> _Dataset records_:
[Start of Attachment]
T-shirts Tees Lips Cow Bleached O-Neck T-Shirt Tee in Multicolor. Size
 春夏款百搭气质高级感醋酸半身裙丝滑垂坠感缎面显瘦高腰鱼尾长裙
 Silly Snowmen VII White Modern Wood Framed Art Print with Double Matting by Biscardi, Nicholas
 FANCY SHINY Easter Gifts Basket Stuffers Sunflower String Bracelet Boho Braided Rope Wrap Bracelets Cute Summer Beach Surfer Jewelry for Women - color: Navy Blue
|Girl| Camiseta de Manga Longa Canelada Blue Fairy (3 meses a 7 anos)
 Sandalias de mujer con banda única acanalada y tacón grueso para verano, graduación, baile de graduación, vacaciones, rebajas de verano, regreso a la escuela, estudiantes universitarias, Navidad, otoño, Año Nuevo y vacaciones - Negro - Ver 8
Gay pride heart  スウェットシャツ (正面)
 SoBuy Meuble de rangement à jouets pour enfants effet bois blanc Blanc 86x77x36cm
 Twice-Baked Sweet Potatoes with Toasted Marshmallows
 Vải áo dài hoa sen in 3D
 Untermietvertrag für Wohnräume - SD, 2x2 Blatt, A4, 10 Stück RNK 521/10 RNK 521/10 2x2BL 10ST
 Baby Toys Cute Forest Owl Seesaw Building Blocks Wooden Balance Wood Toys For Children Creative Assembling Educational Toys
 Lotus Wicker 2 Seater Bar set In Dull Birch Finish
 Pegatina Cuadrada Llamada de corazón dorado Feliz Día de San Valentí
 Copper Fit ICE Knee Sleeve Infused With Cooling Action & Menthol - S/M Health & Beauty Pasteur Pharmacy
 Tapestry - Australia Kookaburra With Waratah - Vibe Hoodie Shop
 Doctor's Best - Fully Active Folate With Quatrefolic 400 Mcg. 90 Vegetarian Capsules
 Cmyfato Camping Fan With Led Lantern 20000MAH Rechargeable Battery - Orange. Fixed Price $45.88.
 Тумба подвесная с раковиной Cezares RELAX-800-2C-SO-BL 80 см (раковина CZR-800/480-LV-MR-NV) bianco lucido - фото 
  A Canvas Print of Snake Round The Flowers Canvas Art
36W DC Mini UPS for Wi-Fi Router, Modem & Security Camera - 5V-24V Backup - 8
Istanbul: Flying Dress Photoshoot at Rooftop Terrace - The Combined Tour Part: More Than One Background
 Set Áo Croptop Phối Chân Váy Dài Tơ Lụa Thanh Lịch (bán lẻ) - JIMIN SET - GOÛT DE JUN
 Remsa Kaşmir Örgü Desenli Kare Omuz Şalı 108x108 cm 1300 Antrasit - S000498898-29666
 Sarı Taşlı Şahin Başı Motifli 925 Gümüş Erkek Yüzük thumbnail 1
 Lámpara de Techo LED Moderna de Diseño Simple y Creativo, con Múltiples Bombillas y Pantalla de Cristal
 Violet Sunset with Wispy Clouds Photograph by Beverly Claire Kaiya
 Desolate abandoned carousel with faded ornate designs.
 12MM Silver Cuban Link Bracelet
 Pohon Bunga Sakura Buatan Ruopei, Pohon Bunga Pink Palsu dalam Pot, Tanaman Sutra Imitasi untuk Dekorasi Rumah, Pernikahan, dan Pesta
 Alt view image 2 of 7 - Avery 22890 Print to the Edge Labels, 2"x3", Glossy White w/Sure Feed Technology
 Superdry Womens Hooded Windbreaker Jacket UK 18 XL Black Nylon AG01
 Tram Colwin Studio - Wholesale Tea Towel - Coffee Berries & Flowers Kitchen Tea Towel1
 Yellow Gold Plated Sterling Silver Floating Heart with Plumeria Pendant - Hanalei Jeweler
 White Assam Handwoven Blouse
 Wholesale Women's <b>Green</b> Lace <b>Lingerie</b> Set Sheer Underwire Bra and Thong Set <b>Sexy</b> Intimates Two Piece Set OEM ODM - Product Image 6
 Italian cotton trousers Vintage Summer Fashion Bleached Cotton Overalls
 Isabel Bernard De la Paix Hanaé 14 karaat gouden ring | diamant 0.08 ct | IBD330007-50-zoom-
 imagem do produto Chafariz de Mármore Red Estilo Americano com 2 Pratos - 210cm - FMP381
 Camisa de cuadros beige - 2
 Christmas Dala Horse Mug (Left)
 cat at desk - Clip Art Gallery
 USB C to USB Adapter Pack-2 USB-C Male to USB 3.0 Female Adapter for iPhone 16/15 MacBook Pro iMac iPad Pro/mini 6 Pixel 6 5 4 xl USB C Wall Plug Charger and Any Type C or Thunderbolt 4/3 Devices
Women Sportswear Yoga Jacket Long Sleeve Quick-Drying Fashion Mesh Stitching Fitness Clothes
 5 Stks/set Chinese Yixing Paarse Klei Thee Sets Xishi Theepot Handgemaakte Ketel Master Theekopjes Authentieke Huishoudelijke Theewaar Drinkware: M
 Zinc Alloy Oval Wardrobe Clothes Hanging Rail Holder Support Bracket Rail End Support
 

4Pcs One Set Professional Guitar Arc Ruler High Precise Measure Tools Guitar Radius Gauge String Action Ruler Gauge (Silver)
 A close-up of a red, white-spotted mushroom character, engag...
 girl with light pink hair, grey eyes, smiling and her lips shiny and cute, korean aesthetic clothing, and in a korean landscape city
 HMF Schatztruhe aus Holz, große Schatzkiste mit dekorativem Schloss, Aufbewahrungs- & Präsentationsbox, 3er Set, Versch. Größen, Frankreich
[End of Attachment]
> _WORK TASK_:
Starting with the line with "A Canvas Print" above and going on through the line with "Zinc Alloy Oval", transcribe every line exactly, both ends included, and add nothing.

> _EXERCISE ANSWER_:
  A Canvas Print of Snake Round The Flowers Canvas Art
36W DC Mini UPS for Wi-Fi Router, Modem & Security Camera - 5V-24V Backup - 8
Istanbul: Flying Dress Photoshoot at Rooftop Terrace - The Combined Tour Part: More Than One Background
 Set Áo Croptop Phối Chân Váy Dài Tơ Lụa Thanh Lịch (bán lẻ) - JIMIN SET - GOÛT DE JUN
 Remsa Kaşmir Örgü Desenli Kare Omuz Şalı 108x108 cm 1300 Antrasit - S000498898-29666
 Sarı Taşlı Şahin Başı Motifli 925 Gümüş Erkek Yüzük thumbnail 1
 Lámpara de Techo LED Moderna de Diseño Simple y Creativo, con Múltiples Bombillas y Pantalla de Cristal
 Violet Sunset with Wispy Clouds Photograph by Beverly Claire Kaiya
 Desolate abandoned carousel with faded ornate designs.
 12MM Silver Cuban Link Bracelet
 Pohon Bunga Sakura Buatan Ruopei, Pohon Bunga Pink Palsu dalam Pot, Tanaman Sutra Imitasi untuk Dekorasi Rumah, Pernikahan, dan Pesta
 Alt view image 2 of 7 - Avery 22890 Print to the Edge Labels, 2"x3", Glossy White w/Sure Feed Technology
 Superdry Womens Hooded Windbreaker Jacket UK 18 XL Black Nylon AG01
 Tram Colwin Studio - Wholesale Tea Towel - Coffee Berries & Flowers Kitchen Tea Towel1
 Yellow Gold Plated Sterling Silver Floating Heart with Plumeria Pendant - Hanalei Jeweler
 White Assam Handwoven Blouse
 Wholesale Women's <b>Green</b> Lace <b>Lingerie</b> Set Sheer Underwire Bra and Thong Set <b>Sexy</b> Intimates Two Piece Set OEM ODM - Product Image 6
 Italian cotton trousers Vintage Summer Fashion Bleached Cotton Overalls
 Isabel Bernard De la Paix Hanaé 14 karaat gouden ring | diamant 0.08 ct | IBD330007-50-zoom-
 imagem do produto Chafariz de Mármore Red Estilo Americano com 2 Pratos - 210cm - FMP381
 Camisa de cuadros beige - 2
 Christmas Dala Horse Mug (Left)
 cat at desk - Clip Art Gallery
 USB C to USB Adapter Pack-2 USB-C Male to USB 3.0 Female Adapter for iPhone 16/15 MacBook Pro iMac iPad Pro/mini 6 Pixel 6 5 4 xl USB C Wall Plug Charger and Any Type C or Thunderbolt 4/3 Devices
Women Sportswear Yoga Jacket Long Sleeve Quick-Drying Fashion Mesh Stitching Fitness Clothes
 5 Stks/set Chinese Yixing Paarse Klei Thee Sets Xishi Theepot Handgemaakte Ketel Master Theekopjes Authentieke Huishoudelijke Theewaar Drinkware: M
 Zinc Alloy Oval Wardrobe Clothes Hanging Rail Holder Support Bracket Rail End Support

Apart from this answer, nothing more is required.